À cette époque, on n’avait pas encore installé de service de distribution capable de répandre la lumière dans chaque foyer. Mais la dynamo était inventée, et il suffisait de disposer d’une force motrice pour faire tourner cette bobine et obtenir du courant. Car il faut rappeler aussi qu’à cette époque chaque usine devait disposer de sa propre force, parfois hydraulique, mais le plus souvent à vapeur. Aussi ceux qui se piquaient d’être à la pointe du progrès tenaient-ils à honneur de le montrer en installant une dynamo.

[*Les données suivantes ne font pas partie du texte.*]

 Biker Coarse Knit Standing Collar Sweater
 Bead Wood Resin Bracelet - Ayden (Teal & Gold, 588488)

Mais la lumière ainsi obtenus n’avait pas la stabilité d’aujourd’hui et son intensité oscillait constamment, selon le rythme des coups de piston de la machine à vapeur !
Il est évident que l’évolution qui s’est précipitée depuis la Révolution Industrielle ne pourra faire que continuer, de sorte qu’au milieu de ces changements les masses ouvrières ont de la peine à trouver leur équilibre.

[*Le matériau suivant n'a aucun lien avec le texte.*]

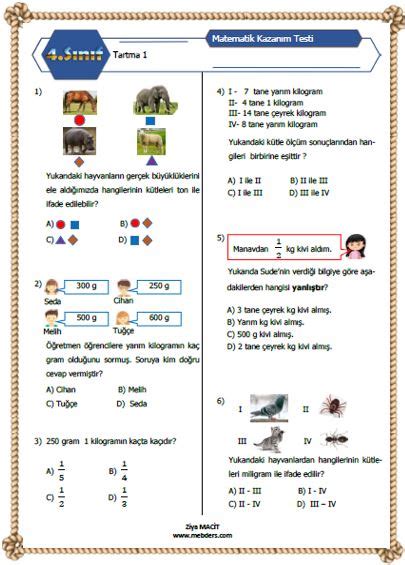 S N F Matematik Tartma Kazan M Testi Meb Ders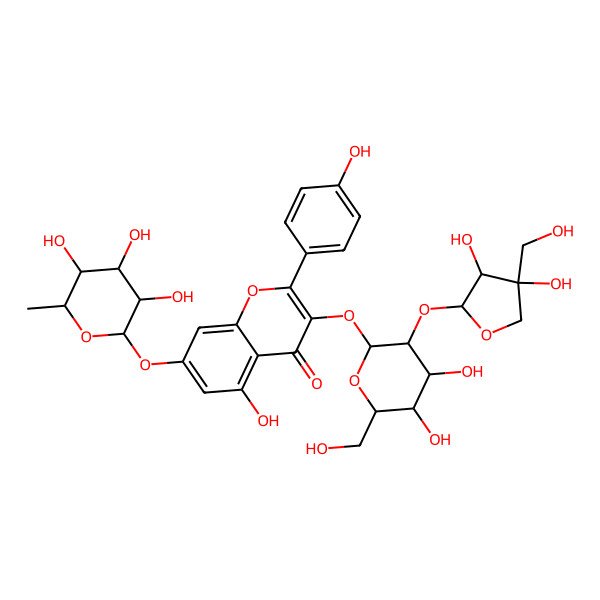 2D Structure of Kaempferol 3-O-beta-D-(2''-O-beta-D-apiofuranosyl)glucop7ranoside 7-O-alpha-L-rhamnopyranoside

Le choc qui a frappé les mœurs traditionnelles a probablement revêtu ses formes les plus caractéristiques sous le Second Empire. Ce fut une période de transformation qui a duré jusqu’à la veille de la Grande Guerre », écrit Hyacinthe Dubreuil en 1970 dans : J’ai fini ma journée.

Enfin, pour moi la lumière c’est encore LE PARASITISME SOUS FORME DE GRÉGARISME : ÇA ÉCLAIRE AUSSI : la conception matérialiste de la vie a contaminé l’ensemble de ce monde, qui ne jure plus que PAR L’INSTINCT D’ACQUISITION (l’ego) déterminant ainsi un appétit universel. Alors les masses s’efforcent, plus ou moins astucieusement, d’obtenir quelque chose POUR RIEN. SOIT S’ASSURER DES AVANTAGES QUI NE SERONT PAS COMPENSÉ PAR UN EFFORT PERSONNEL QUELCONQUE. Cette mentalité, cette LUMIÈRE a pénétré même les cervelles qui se croyaient indemnes de cette contamination ou éclairage nouveau : l’éclairage du bonheur. Cette soif de l’acquisition née de l’après 1789 qui ne peut qu’être EN CROISSANCE, EN PROGRÈS à mesure qu’on a cru la satisfaire ! Comme si elle portait en elle-même sa propre punition !
« Ce résultat permanent, inverse du but recherché, se perpétue parce que nous avons renversé l’ordre des termes d’une leçon qui n’a pas encore été comprise, même souvent par ceux qui seraient chargés de l’enseigner. Une leçon qui est résumée dans une phrase au sens prodigieux et vraiment révolutionnaire. Cette phrase est la suivante : « Cherchez premièrement son royaume et sa justice, et toutes ces choses vous seront données par surcroit… » (Matthieu, cité par Hyacinthe Dubreuil). C’est cela la Réalisation du Soi-Instant, le contraire de la saloperie de thermodynamique : le surcroît, la production avant tout, seule conquête des biens matériels, nous plongeant invariablement dans le désordre, la misère et le désespoir, d’où le succès de l’économie mondiale de la drogue, y compris les boissons alcoolisées et les messes sportives des fins de semaines, en y ajoutant l’entertainment et la propagande du régime républicain.